[Data items]
++++
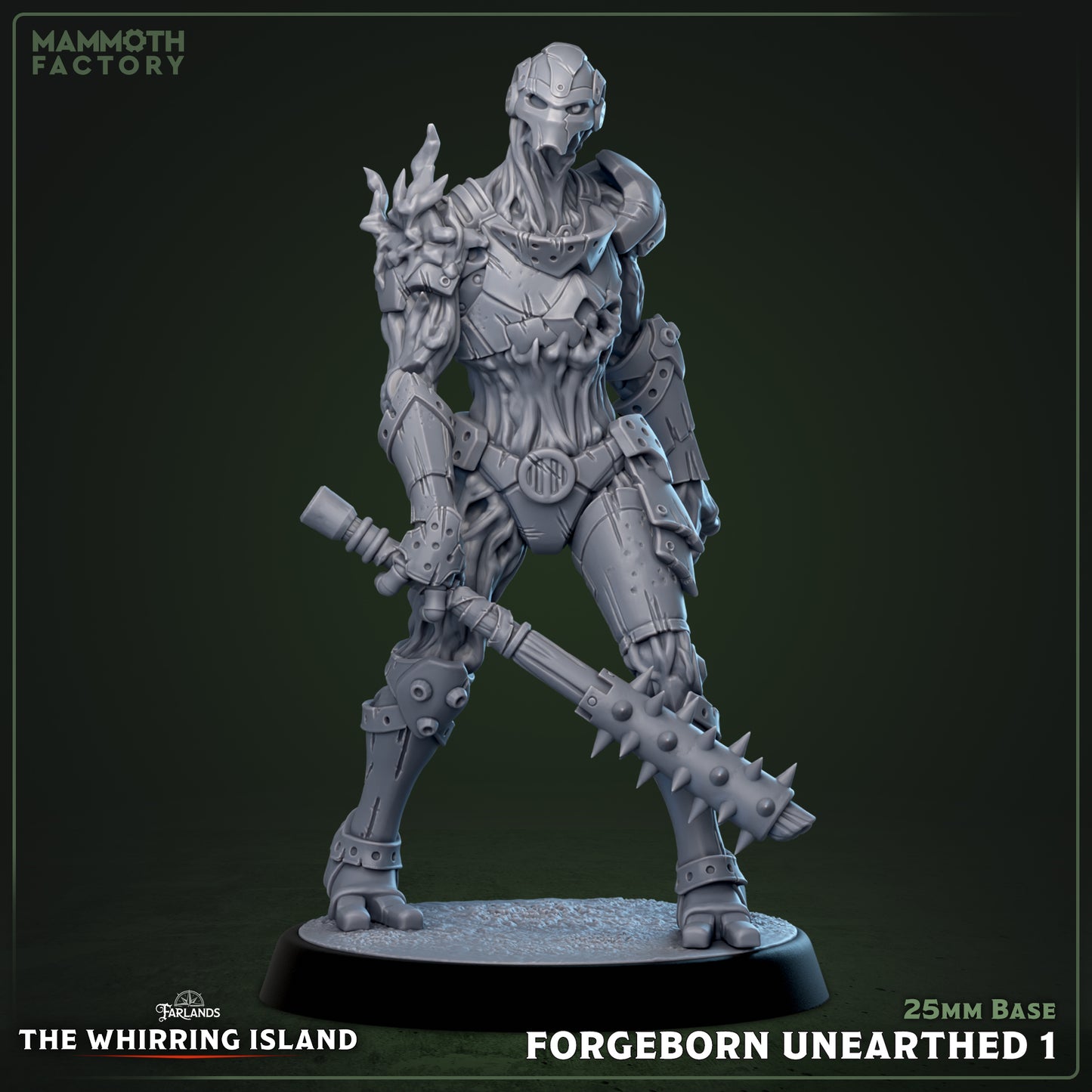 Forgeborn Unearthed warforged construct holding spiked mace in low guard stance with exposed biomechanical torso and armored legs for fantasy tabletop RPGs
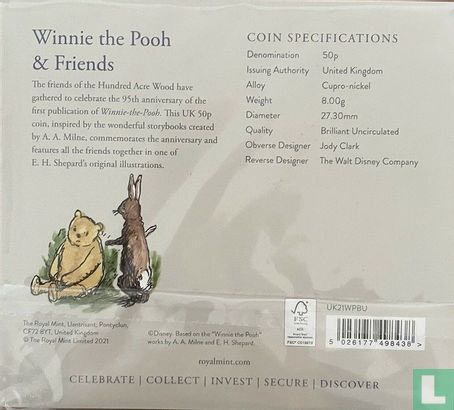 Verenigd Koninkrijk 50 pence 2021 (folder - kleurloos) "95th anniversary First publication of Winnie the Pooh - Winnie the Pooh & Friends" - Afbeelding 2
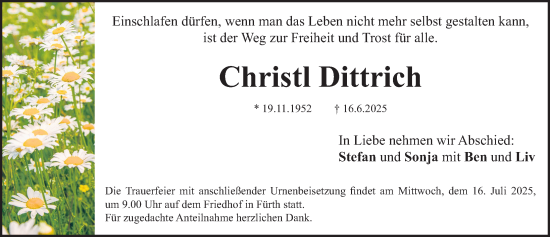 Traueranzeige von Christl Dittrich von Fürther Nachrichten Lokal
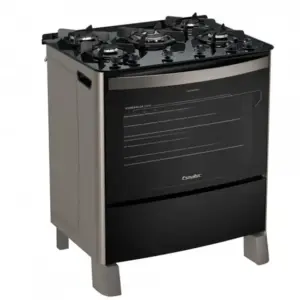 Fogão de Piso a Gás Esmaltec 5 Bocas Esmeralda Glass 5087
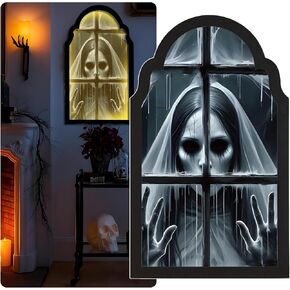 2025 Halloween Decorations Indoor - 15" x 9" Ghost Hologram Mirror with Clown, Spooky Wall Mirror - Decoration for Home Bedroom Party Room in Saudi Arabia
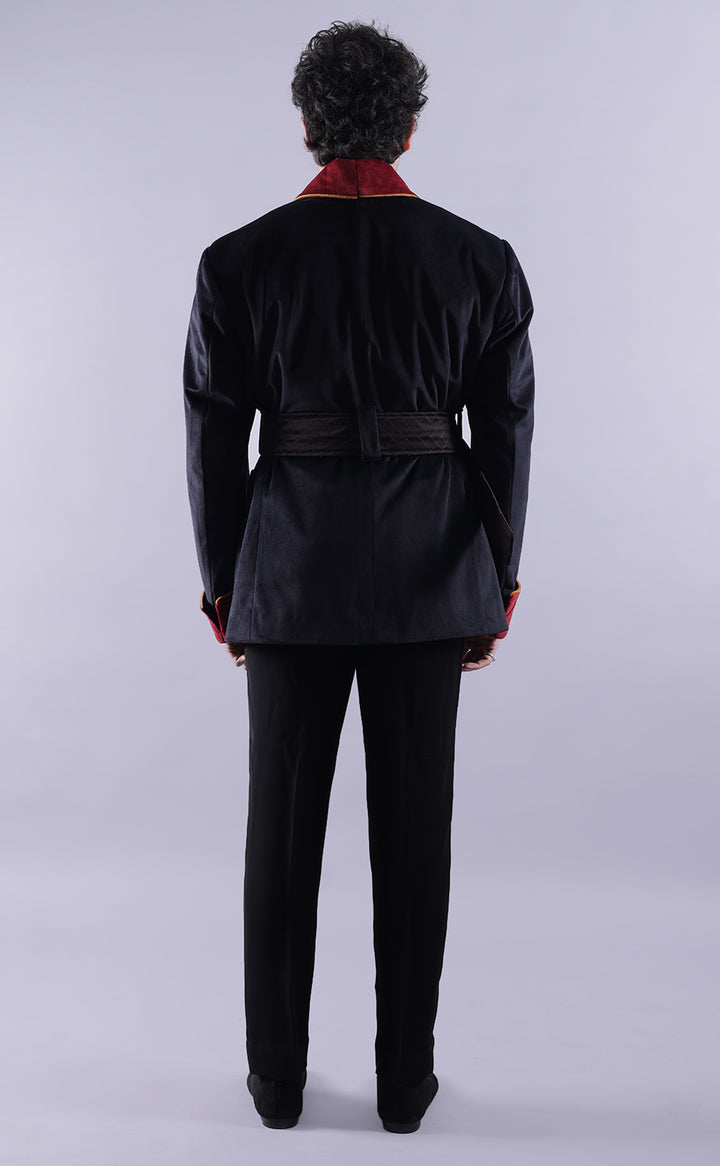 Classic Men’s Black Velvet Smoking Jacket - Luxury Evening Wear, Formal Party Jacket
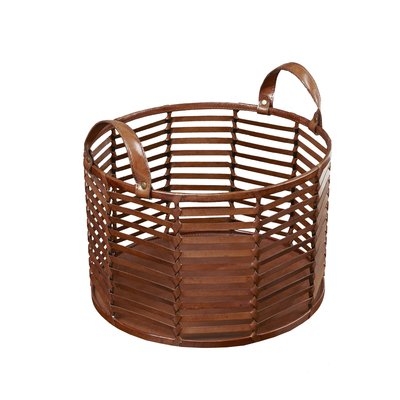 Newport Stripe Leather Basket - Image 0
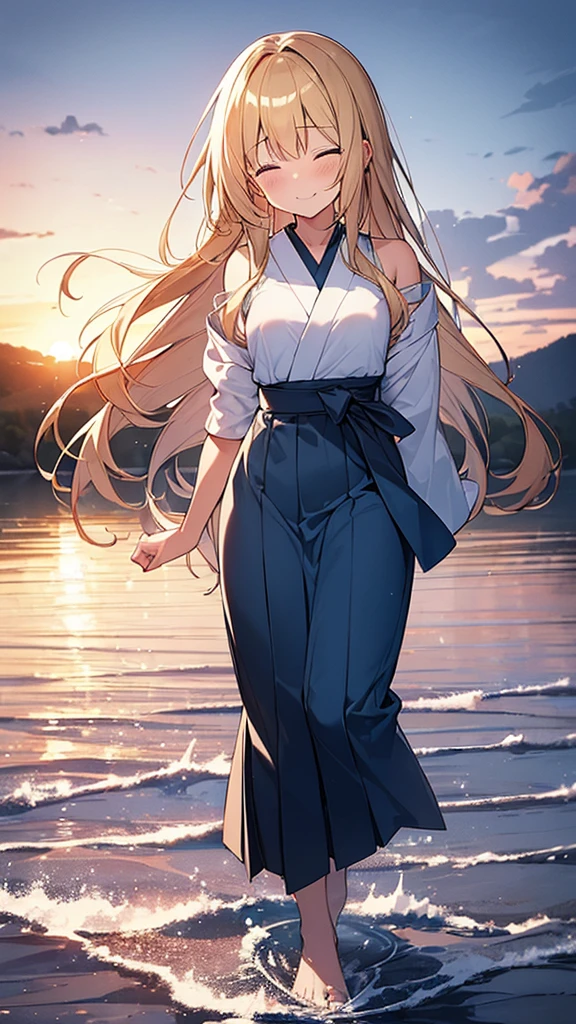 (Masterpiece, Top quality: 1.5) ,4K, (walking on water:1.4), 1 beautiful girl, solo, blond hair,  (blue hakama :1.3), off shoulder, barefoot, long hair, wave hair, (junior high school student:1.2), medium breasts, standard weight, smile:1.5, blush:1.2, tear up:1.3, closed eyes, beautiful scene of lake, Horizon, magnificent panorama view, Silent Water Surface, sunset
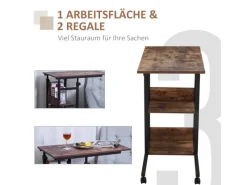 Online HOMCOM Beistelltisch mit Rollen Höhenverstellbar 80x40x72-82 cm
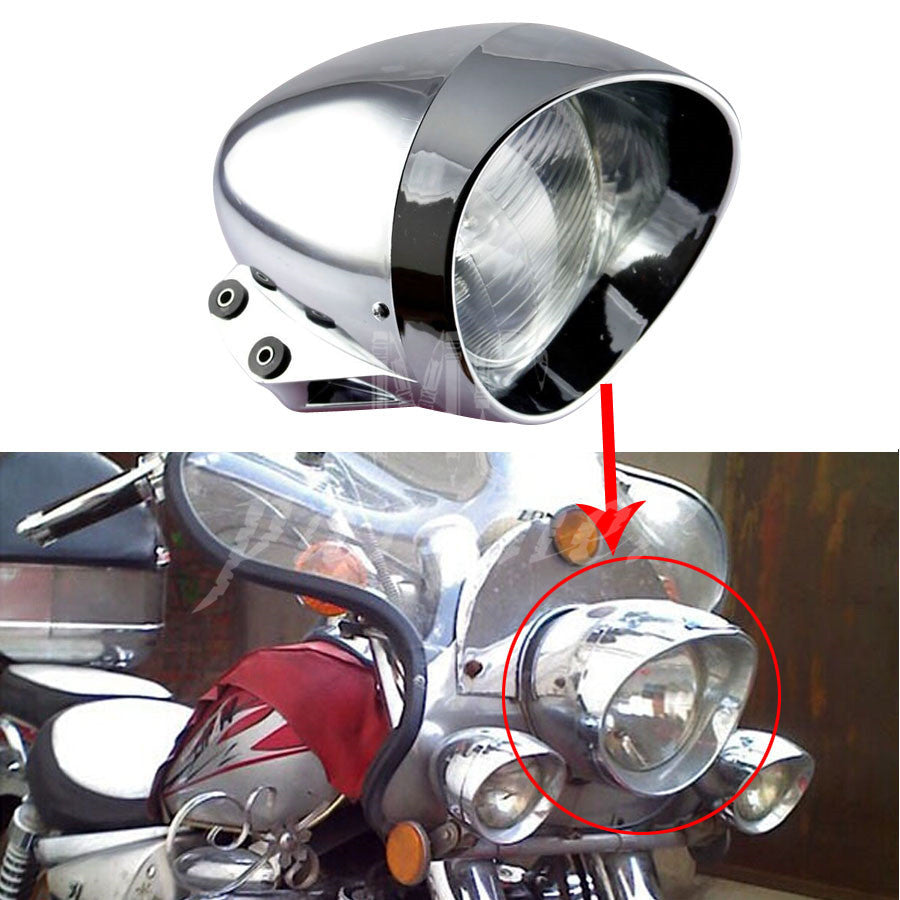Motorcycle Chrome Front Bullet Headlight for Harley Cruise for Honda Steed Shadow Q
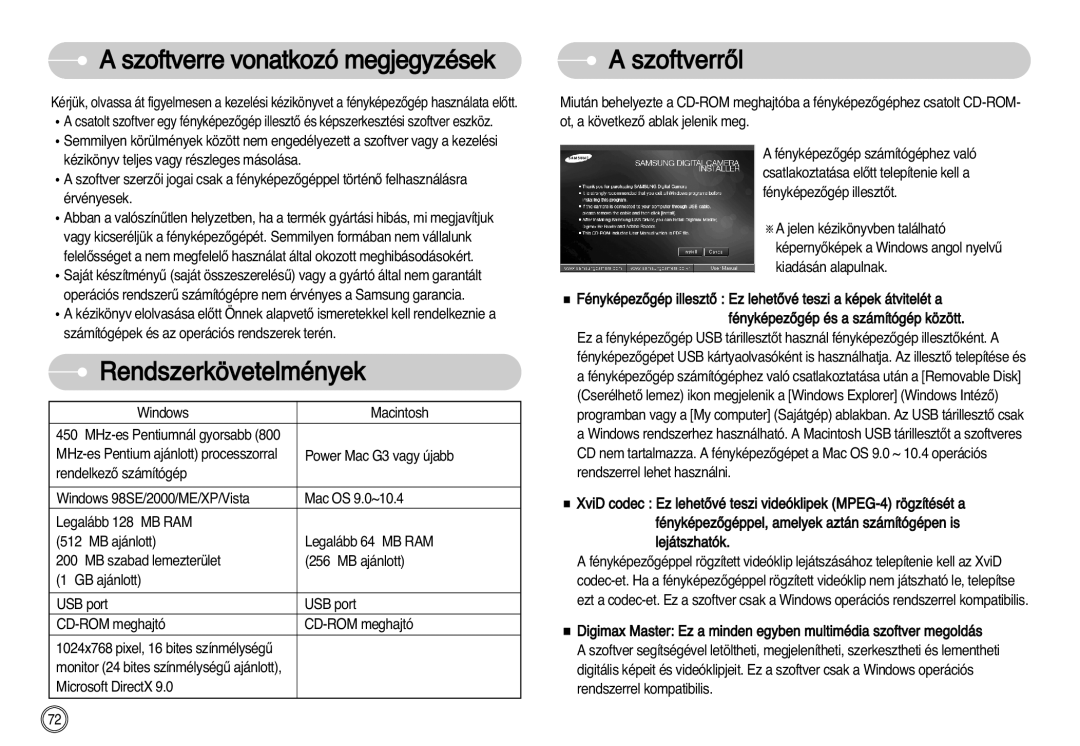 Samsung EC-NV11ZBBC/E2, EC-NV11ZBBA/FR manual Szoftverre vonatkozó megjegyzések, Rendszerkövetelmények, SzoftverrŒl 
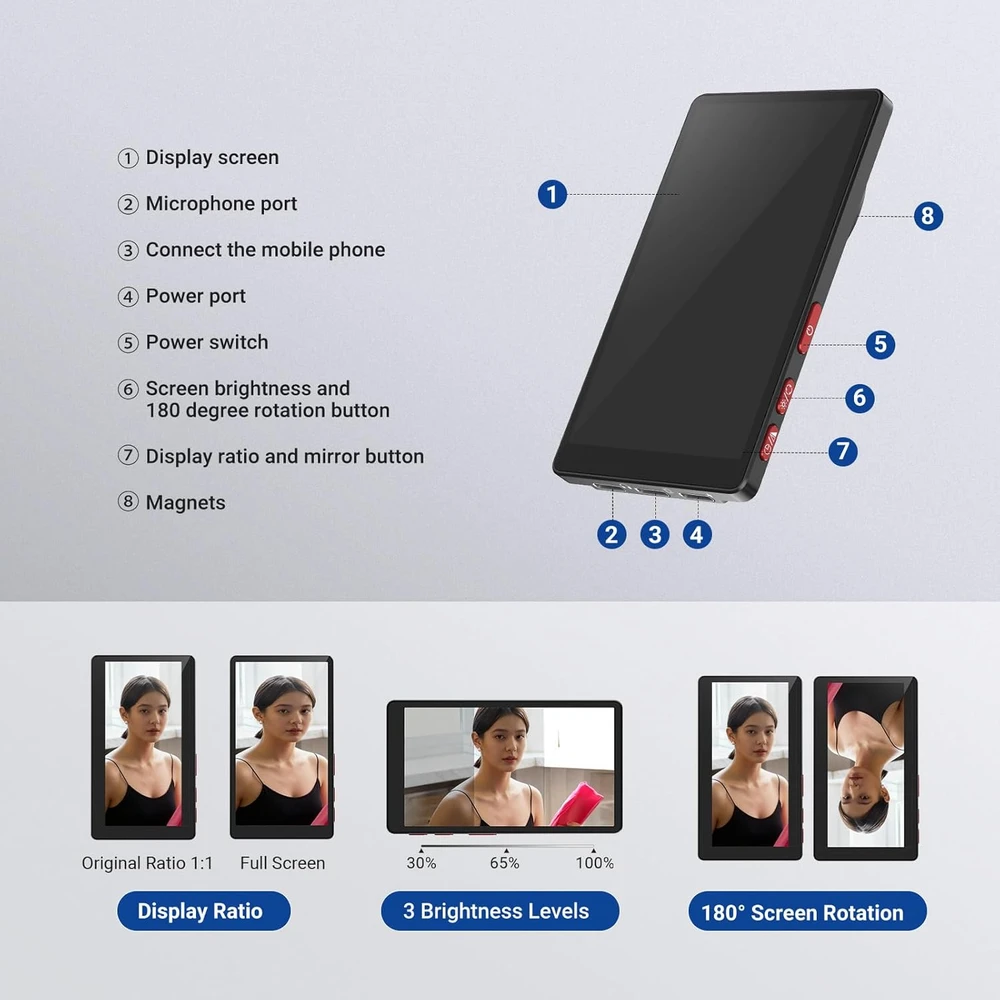 NEEWER išmaniojo telefono magnetinis monitorius asmenukėms, 4 colių 600 nitų, USB-C, M4U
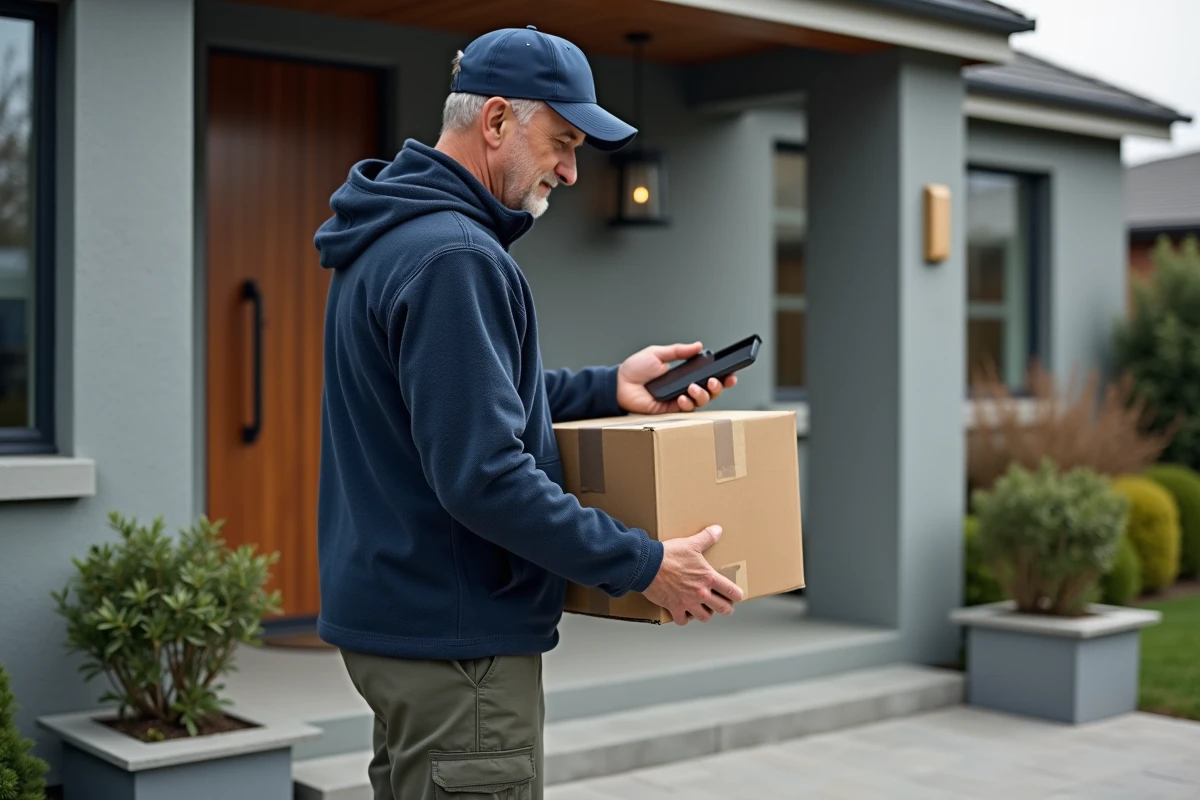 Livreur à la porte d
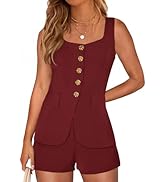 PRETTYGARDEN Womens 2 Piece Matching Sets 2026 Fashion Suit Vest Tops Shorts Set Spring Business ...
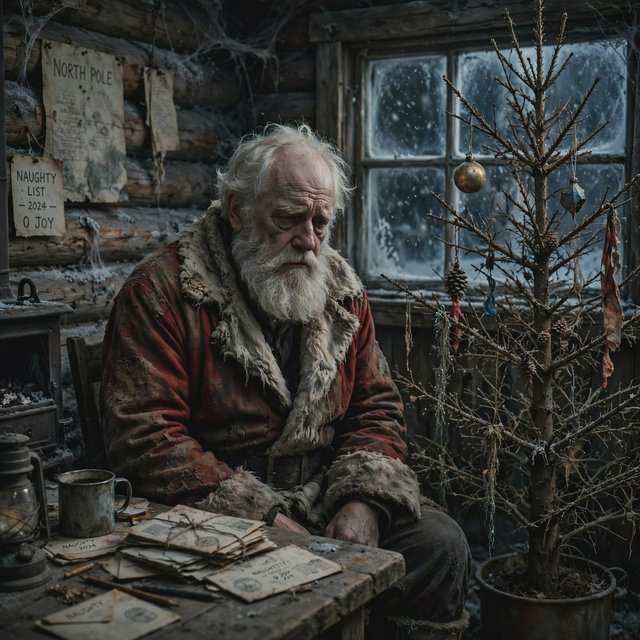 A melancholic, somewhat disheveled Santa Claus in a worn, dirty coat. He sits in his cabin at the North Pole next to a desolate, needleless Christmas tree, its decorations hanging only sporadically. The aura radiates a quiet despair. — Muse Image 1.0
++++
TASK PROMPT - Each line above should be written out again exactly, and no picture should appear in the copy.

ANSWER TO THE EXERCISE -
 Forgeborn Unearthed warforged construct holding spiked mace in low guard stance with exposed biomechanical torso and armored legs for fantasy tabletop RPGs
 Verenigd Koninkrijk 50 pence 2021 (folder - kleurloos) "95th anniversary First publication of Winnie the Pooh - Winnie the Pooh & Friends" - Afbeelding 2
 Traueranzeige von Christl Dittrich von Fürther Nachrichten Lokal
 Fogão de Piso a Gás Esmaltec 5 Bocas Esmeralda Glass 5087
 2025 Halloween Decorations Indoor - 15" x 9" Ghost Hologram Mirror with Clown, Spooky Wall Mirror - Decoration for Home Bedroom Party Room in Saudi Arabia
 Classic Men’s Black Velvet Smoking Jacket - Luxury Evening Wear, Formal Party Jacket
 Newport Stripe Leather Basket - Image 0
 (Masterpiece, Top quality: 1.5) ,4K, (walking on water:1.4), 1 beautiful girl, solo, blond hair,  (blue hakama :1.3), off shoulder, barefoot, long hair, wave hair, (junior high school student:1.2), medium breasts, standard weight, smile:1.5, blush:1.2, tear up:1.3, closed eyes, beautiful scene of lake, Horizon, magnificent panorama view, Silent Water Surface, sunset
 Online HOMCOM Beistelltisch mit Rollen Höhenverstellbar 80x40x72-82 cm
Motorcycle Chrome Front Bullet Headlight for Harley Cruise for Honda Steed Shadow Q
 Samsung EC-NV11ZBBC/E2, EC-NV11ZBBA/FR manual Szoftverre vonatkozó megjegyzések, Rendszerkövetelmények, SzoftverrŒl 
 NEEWER išmaniojo telefono magnetinis monitorius asmenukėms, 4 colių 600 nitų, USB-C, M4U
 Livreur à la porte d
 PRETTYGARDEN Womens 2 Piece Matching Sets 2026 Fashion Suit Vest Tops Shorts Set Spring Business ...
 A melancholic, somewhat disheveled Santa Claus in a worn, dirty coat. He sits in his cabin at the North Pole next to a desolate, needleless Christmas tree, its decorations hanging only sporadically. The aura radiates a quiet despair. — Muse Image 1.0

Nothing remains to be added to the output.